![](https://coolcleveland.com/wp-content/uploads/2022/10/Southside.jpg)
Sat 10/15
Every Cleveland music buff knows how Michael Stanley sold out shows at Blossom Music Center while playing 3,000-seat theaters elsewhere. But there was another act that did the same — Southside Johnny & the Asbury Jukes. They were from New Jersey but they might as well have been local for all the airplay they got on WMMS-FM — Kid Leo was their loudest booster — and the way fans flocked to their shows, including 20,000 of them to sold-out nights at Blossom.
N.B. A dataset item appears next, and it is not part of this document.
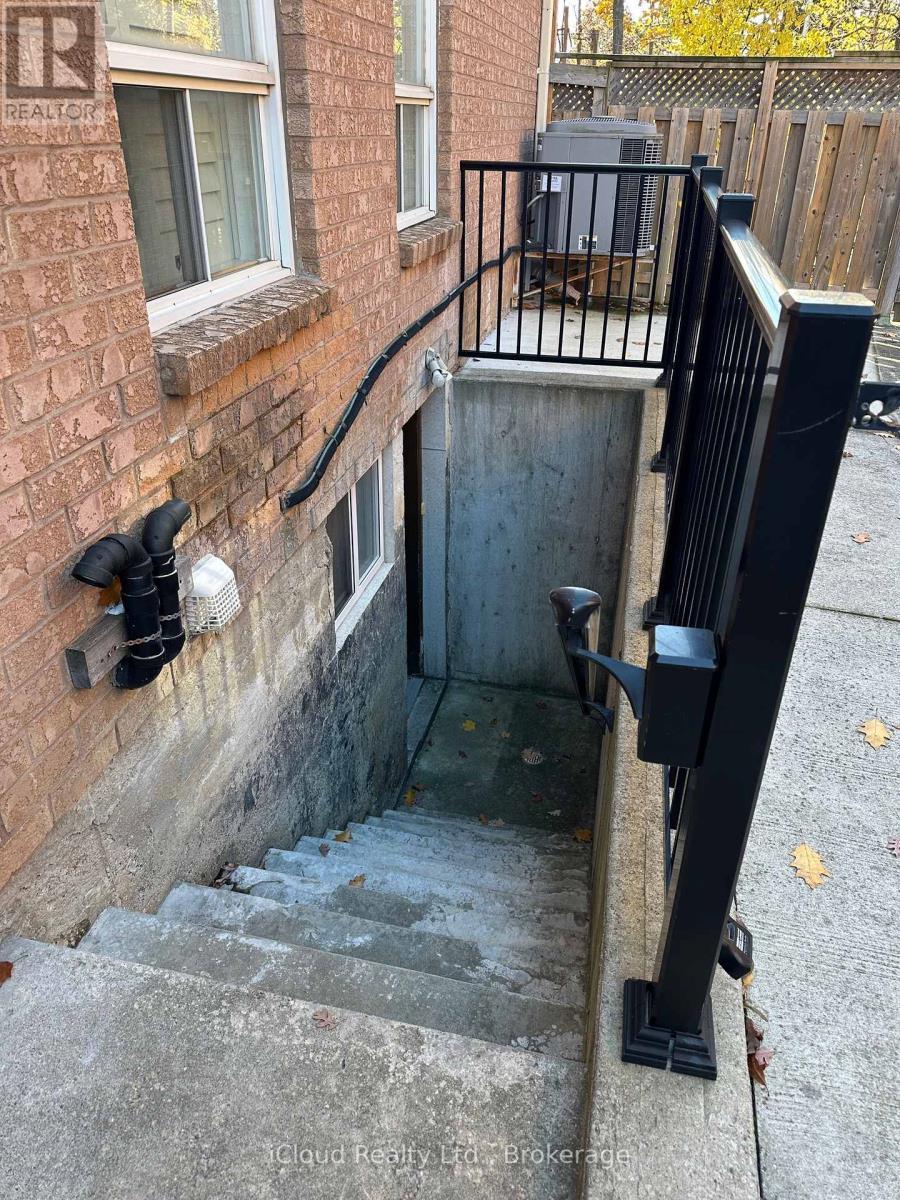 Lower - 5215 Micmac Crescent, Mississauga, ON - Outdoor With Exterior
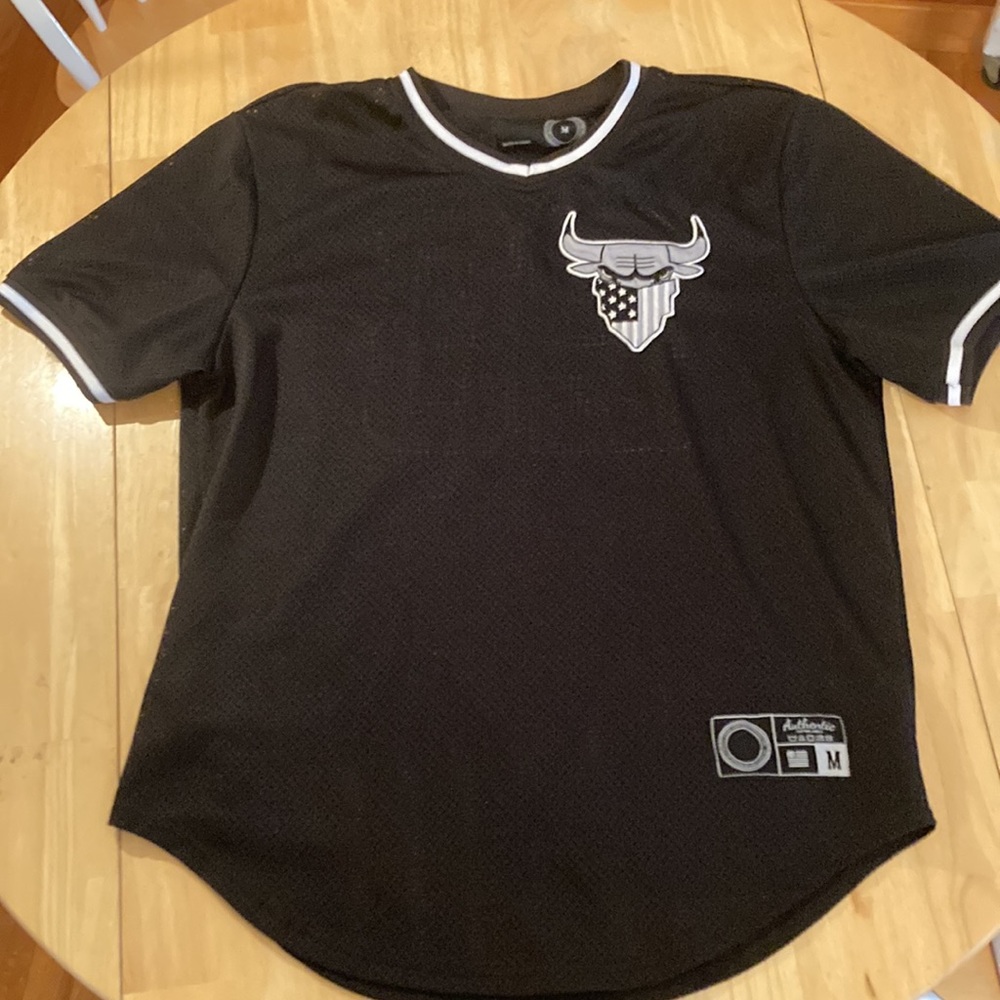 VTG CHICAGO BULLS MICHAEL JORDAN #23 JERSEY MENS MEDIUM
Forty-six years after the band released its first album, I Don’t Want to Go Home, which laid down the template for their R&B- and blues-infused rock & roll, vocalist Southside Johnny Lyon continues to perform with a whole different lineup of the Jukes, but still featuring that big blast of horns. He hasn’t changed much either: his voice is still gravelly but strong; his performances are passionate and committed; and he still looks like a 60-something old bluesman he resembled in his late 20s, only now he’s actually 73. He never really looked young!
Southside Johnny and the Asbury Jukes will be back at the MGM Grand this weekend on the heels of a new live CD. It features a recording of a show the band performed at the Cleveland Agora on May 2, 1977, released, appropriately, on the revived Cleveland International label, started by record executive, the late Steve Popovich, in 1976, to promote Meat Loaf’s Bat Out of Hell, and revive by his son, Steve Popovich Jr, to reissue old material as well as new material in a similar midwestern blue-collar rock vein. The cover and inside photos were taken at the Agora by CoolCleveland’s Anastasia Pantsios.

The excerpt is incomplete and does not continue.